--- START ---

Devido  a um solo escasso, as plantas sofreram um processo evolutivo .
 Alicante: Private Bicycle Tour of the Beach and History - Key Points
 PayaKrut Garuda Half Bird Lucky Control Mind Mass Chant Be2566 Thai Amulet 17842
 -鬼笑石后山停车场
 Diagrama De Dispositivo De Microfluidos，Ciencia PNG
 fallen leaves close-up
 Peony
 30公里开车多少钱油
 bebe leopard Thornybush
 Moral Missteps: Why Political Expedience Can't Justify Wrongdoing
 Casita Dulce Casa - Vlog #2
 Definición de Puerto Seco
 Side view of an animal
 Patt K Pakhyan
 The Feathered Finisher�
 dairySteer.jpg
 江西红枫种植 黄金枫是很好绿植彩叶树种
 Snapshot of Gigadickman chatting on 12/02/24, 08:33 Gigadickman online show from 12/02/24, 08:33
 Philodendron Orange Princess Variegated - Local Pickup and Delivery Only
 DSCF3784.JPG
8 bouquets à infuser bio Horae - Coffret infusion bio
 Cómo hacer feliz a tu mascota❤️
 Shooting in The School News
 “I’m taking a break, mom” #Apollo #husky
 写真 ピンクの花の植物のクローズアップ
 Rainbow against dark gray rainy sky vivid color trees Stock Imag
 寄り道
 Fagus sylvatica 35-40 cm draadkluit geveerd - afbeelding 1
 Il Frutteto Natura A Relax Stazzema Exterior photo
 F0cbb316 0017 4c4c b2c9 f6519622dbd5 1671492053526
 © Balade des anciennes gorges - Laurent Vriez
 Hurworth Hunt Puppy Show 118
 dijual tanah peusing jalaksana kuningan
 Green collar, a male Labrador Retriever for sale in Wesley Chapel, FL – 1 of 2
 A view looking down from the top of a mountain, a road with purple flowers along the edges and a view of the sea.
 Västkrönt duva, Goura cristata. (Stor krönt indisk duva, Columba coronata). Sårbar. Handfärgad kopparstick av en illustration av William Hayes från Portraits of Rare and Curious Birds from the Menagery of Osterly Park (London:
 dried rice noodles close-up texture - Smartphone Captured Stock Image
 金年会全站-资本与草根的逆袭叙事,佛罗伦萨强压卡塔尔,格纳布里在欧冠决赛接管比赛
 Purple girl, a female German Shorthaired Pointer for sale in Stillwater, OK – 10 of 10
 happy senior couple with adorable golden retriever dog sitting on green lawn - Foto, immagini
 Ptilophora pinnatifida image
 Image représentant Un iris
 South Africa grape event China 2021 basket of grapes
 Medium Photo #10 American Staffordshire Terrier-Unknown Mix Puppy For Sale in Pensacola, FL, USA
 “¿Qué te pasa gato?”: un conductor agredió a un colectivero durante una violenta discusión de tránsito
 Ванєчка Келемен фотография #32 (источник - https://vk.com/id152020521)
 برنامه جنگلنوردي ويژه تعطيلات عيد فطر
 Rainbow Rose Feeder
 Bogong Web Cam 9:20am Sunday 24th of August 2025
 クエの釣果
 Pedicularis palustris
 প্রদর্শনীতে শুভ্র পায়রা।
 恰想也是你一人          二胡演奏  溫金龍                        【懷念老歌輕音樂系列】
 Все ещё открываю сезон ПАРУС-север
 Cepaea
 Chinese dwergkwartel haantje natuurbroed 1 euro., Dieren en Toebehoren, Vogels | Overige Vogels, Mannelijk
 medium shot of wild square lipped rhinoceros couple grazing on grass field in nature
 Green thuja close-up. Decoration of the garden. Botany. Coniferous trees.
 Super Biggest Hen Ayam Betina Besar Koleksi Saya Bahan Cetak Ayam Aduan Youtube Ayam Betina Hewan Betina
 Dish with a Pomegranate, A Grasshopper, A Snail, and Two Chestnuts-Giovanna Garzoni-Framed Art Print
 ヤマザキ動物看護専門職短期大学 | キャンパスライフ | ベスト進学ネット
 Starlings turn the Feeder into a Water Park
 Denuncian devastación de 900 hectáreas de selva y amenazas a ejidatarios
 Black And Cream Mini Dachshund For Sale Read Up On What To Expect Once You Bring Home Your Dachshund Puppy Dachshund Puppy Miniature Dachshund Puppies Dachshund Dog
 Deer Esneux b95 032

--- END ---

▶ TASK TO COMPLETE
In the entries above, find each line with the word "Rainbow" and copy it.

▶ REPLY
 Rainbow against dark gray rainy sky vivid color trees Stock Imag
 Rainbow Rose Feeder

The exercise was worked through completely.